特別受益とは?

Q.質問
兄は住宅の購入資金として父から1,000万円受け取っていましたが、それは今回の相続分には考慮されないのでしょうか?

行政書士・社会保険労務士 岩本浩昭

A.行政書士・社会保険労務士岩本の回答

原則として生前受け取った一定の財産は、特別受益として相続財産とみなし、相続財産にプラスされた上で分割されます。

特別受益とは?

特別受益とは、遺贈(遺言による贈与)や、結婚、養子縁組、住宅資金のために受け取った贈与分が当てはまります。

ただ、全ての贈与が対象になるわけではありません。(ただし、遺贈はすべて特別受益となります)

それぞれの範囲を確認していきたいと思います。
(養子縁組の贈与は結婚とほぼ同じなので省略)

■その1 結婚資金

これに該当するのは、持参金、新居、花嫁道具の贈与です。

額によっては結納金や新婚旅行の費用も該当することにもなりますが、通常結婚準備にかかる費用のことを指します。

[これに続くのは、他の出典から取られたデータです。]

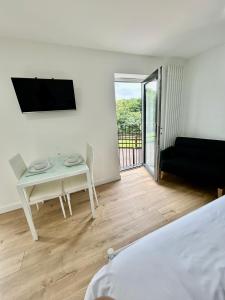 The Studio - Private Car Park with CCTV - Fast WiFi - Peaceful Retreat with Views for Business or Couples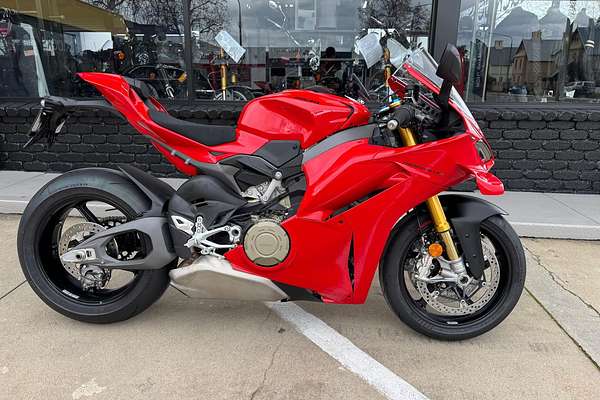 2025 Ducati Panigale V4 S Panigale V4
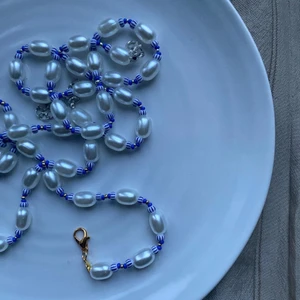 Egengjort halsband - Lou necklace, egengjort halsband, välj guld/silver-se alternativen på de olika bilderna. 55 kr gratis frakt,, kommer med förlängnings kedja så att man kan justera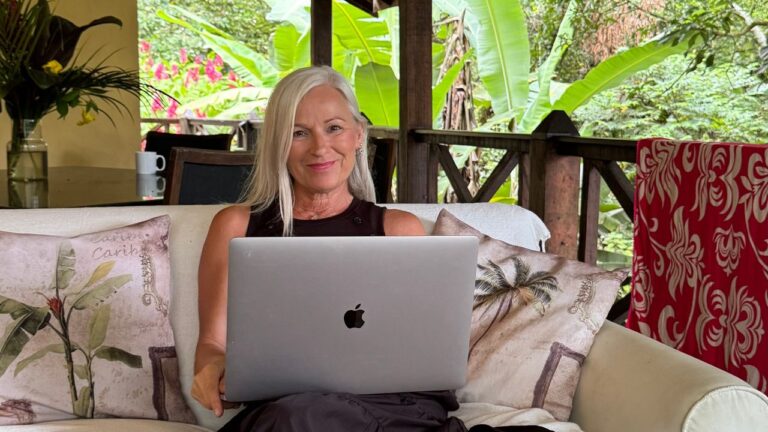 a woman sitting on a chair with a laptop-300 Anfragen für einen Artikel Doreen Ullrich beim bloggen
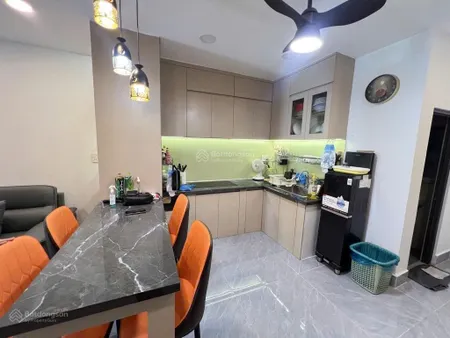 Bán nhà mới tinh 2 tầng hxh, dt 57,4, giá bán 6tỷ nhỉnh. kết ra đường lê văn việt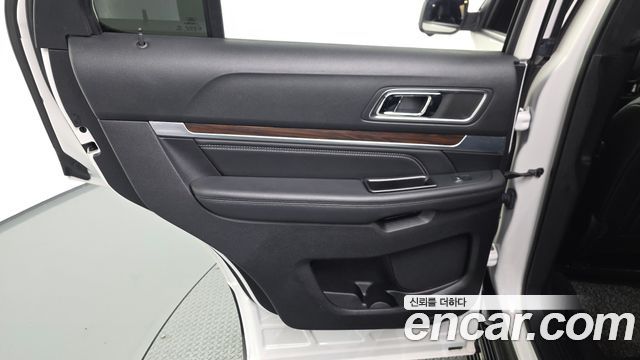 Ford Explorer 2.3 Limited 4WD 5th 2018 — фото 31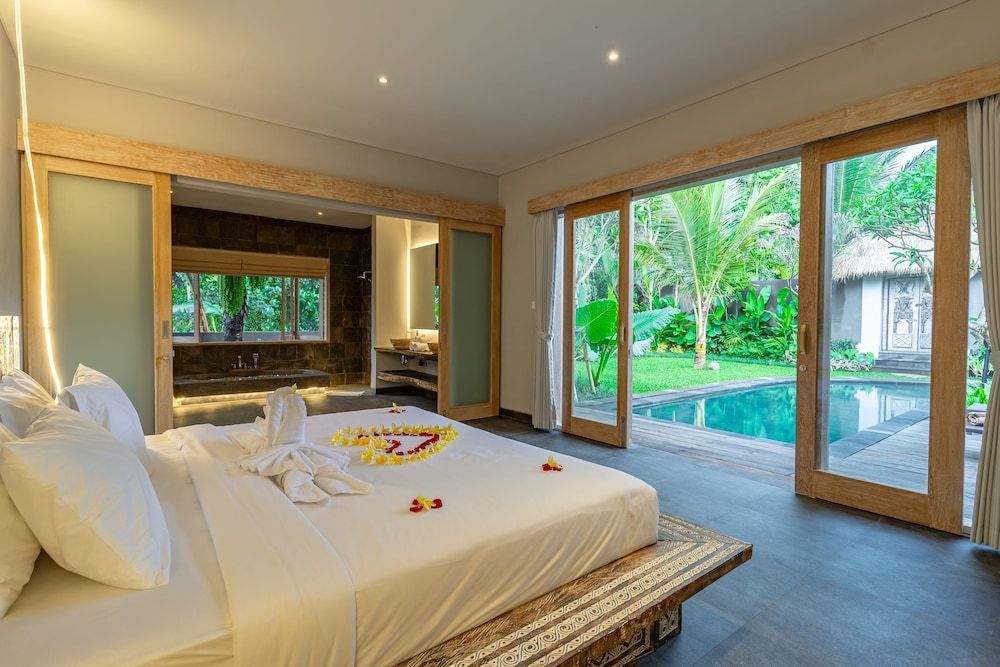 Brand new Luxury 3BR villa Ethnic Ubud # 1 2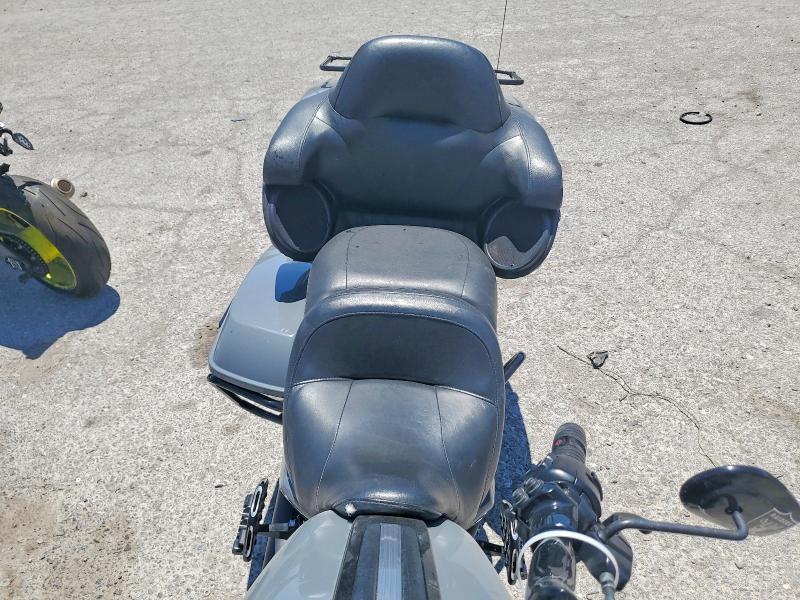 60835006 :رقم المزاد ، 1HD1KZF29NB626572 vin ، 2022 Harley-davidson Fltrk مزاد بيع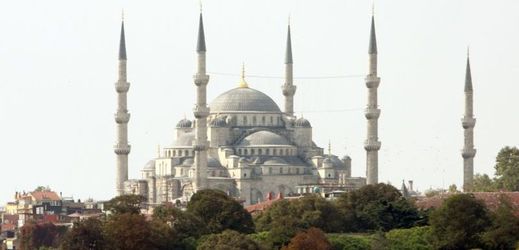 Jedna z největších mešit - mešita sultána Ahmeda v evropské části tureckého Istanbulu, pojme přibližně stejný počet muslimů, jako ta nově postavená v Moskvě.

ただ、結婚披露宴の費用は後に残らないものですし、親の都合も考慮されるものであることから該当するとはいいにくいでしょう。

■その2 住宅資金・生活の資本

一番わかりやすいのが住宅資金の贈与ですが、その他、仕事で使用する車を買ってもらった場合などが該当します。

ただ、外車の購入などは生活の資本とはいい難く、判断が難しいケースもあります。

生活水準が以前に比べ向上しており、過去の判例をもとに判断することも適当ではない場合もあるため、生活の実態をみて判断する必要があります。

特別受益の具体例

少しわかりにくいのですが、上記の例でいうと、兄が生前受け取った1,000万円はもともと父の財産であったわけですから、兄が相続財産を早めにもらっていたと考えられ、それを含めて相続分を計算することになります。

相続開始時の財産が3,000万円であったとします。

それに兄が生前取得していた1,000万円をプラスした4,000万円が相続財産であったとみなされ、4,000万円を各相続人で分割します。

相続人が母(配偶者)、兄、本人(弟=相談者)の3人であった場合、遺言で定められていなければ母が2,000万円、本人が1,000万円、そして兄は1,000万円をすでに住宅資金として受け取っていたので相続時には一銭も受け取ることができません。

仮に、兄が相続開始前に特別受益として1,500万円を受け取っていた場合でも、遺留分(最低限相続人が受け取るべき相続財産)を侵していなければ戻す必要はありません。

特別受益は払戻しの制度ではなく計算上の話で、相続財産の総額を把握するためのものなので返還する必要はないのです。

ただし、遺言書に特別受益として差し引かない旨を記載していればそれに従い、相続開始時に残っている財産で相続分のとおり分割します。

つまり、今回のケースで兄に援助した住宅購入資金1,000万円特別受益として差し引かないと父が遺言書に書き残していた場合、相続開始時の財産3,000万円を3人で分割することになります。